- **TASK OBJECTIVE**:
Leave out the pictures and print the records below exactly.

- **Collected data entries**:

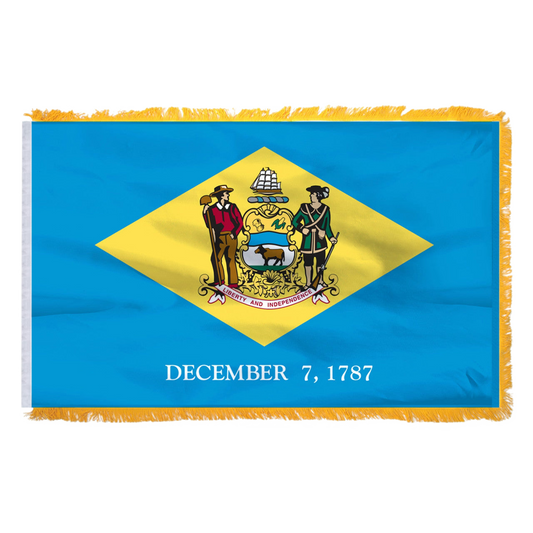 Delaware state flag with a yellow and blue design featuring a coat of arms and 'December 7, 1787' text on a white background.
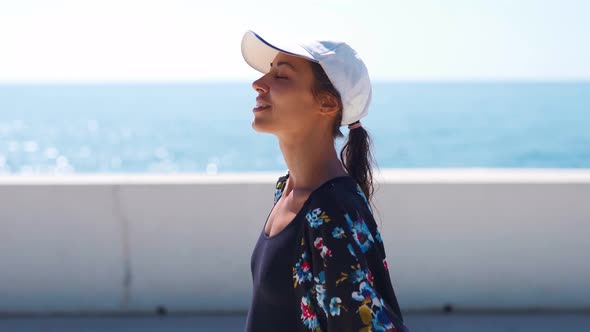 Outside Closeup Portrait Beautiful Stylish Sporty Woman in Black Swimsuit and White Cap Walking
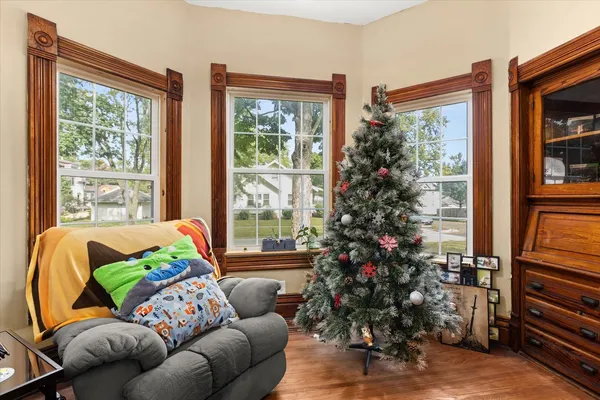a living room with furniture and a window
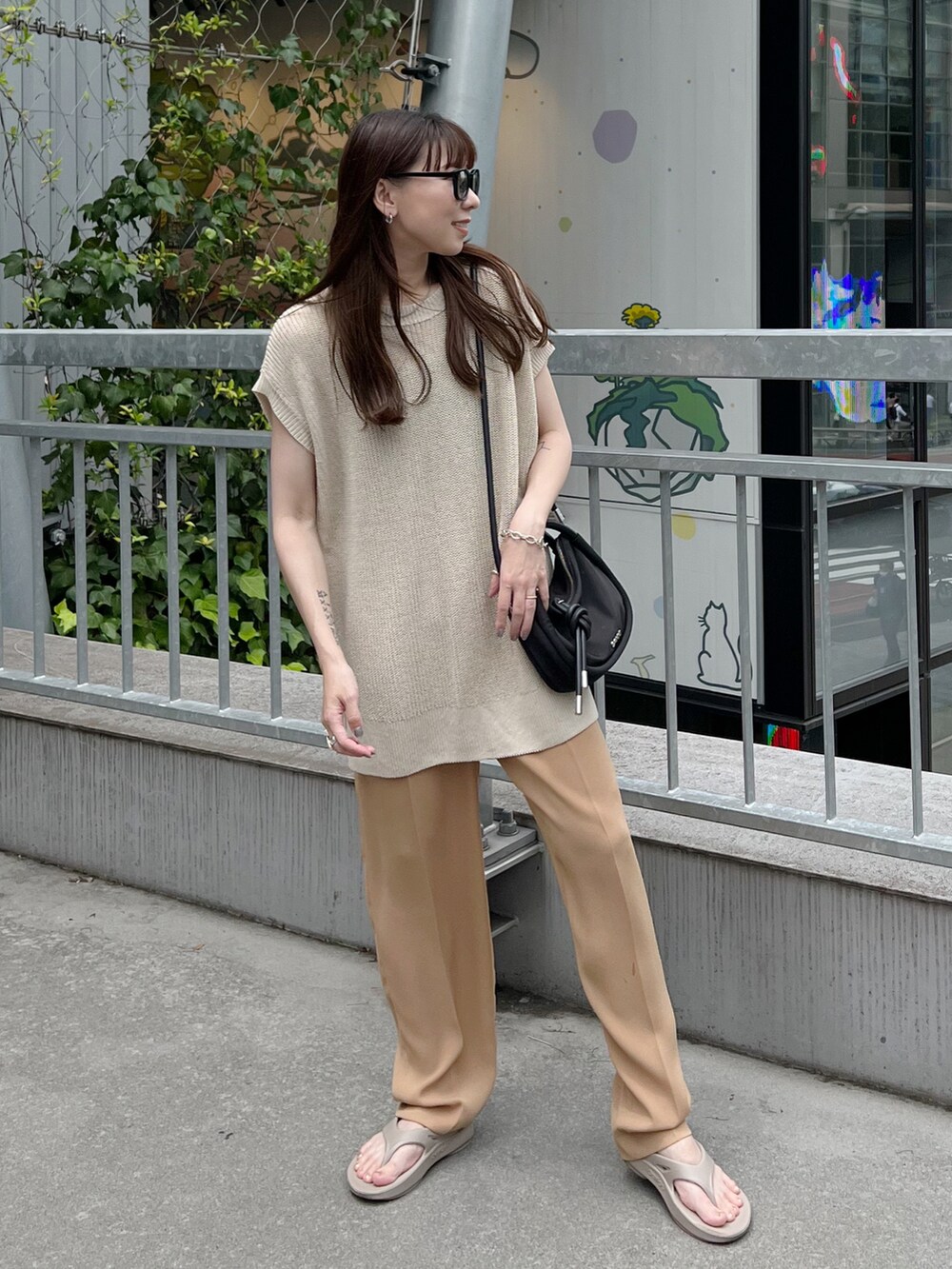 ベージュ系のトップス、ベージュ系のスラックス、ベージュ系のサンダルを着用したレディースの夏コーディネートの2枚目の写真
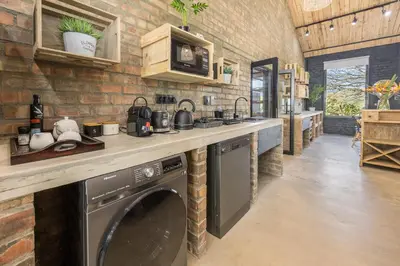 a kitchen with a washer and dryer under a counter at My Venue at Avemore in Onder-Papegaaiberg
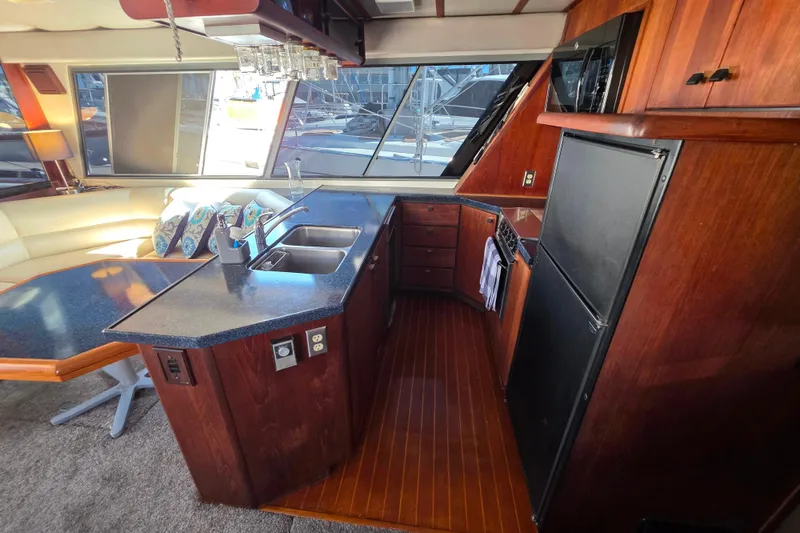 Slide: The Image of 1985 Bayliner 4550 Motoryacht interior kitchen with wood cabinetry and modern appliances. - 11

- **RESPONSE**:
 Delaware state flag with a yellow and blue design featuring a coat of arms and 'December 7, 1787' text on a white background.
 Outside Closeup Portrait Beautiful Stylish Sporty Woman in Black Swimsuit and White Cap Walking
a living room with furniture and a window
 ベージュ系のトップス、ベージュ系のスラックス、ベージュ系のサンダルを着用したレディースの夏コーディネートの2枚目の写真
 a kitchen with a washer and dryer under a counter at My Venue at Avemore in Onder-Papegaaiberg
 Slide: The Image of 1985 Bayliner 4550 Motoryacht interior kitchen with wood cabinetry and modern appliances. - 11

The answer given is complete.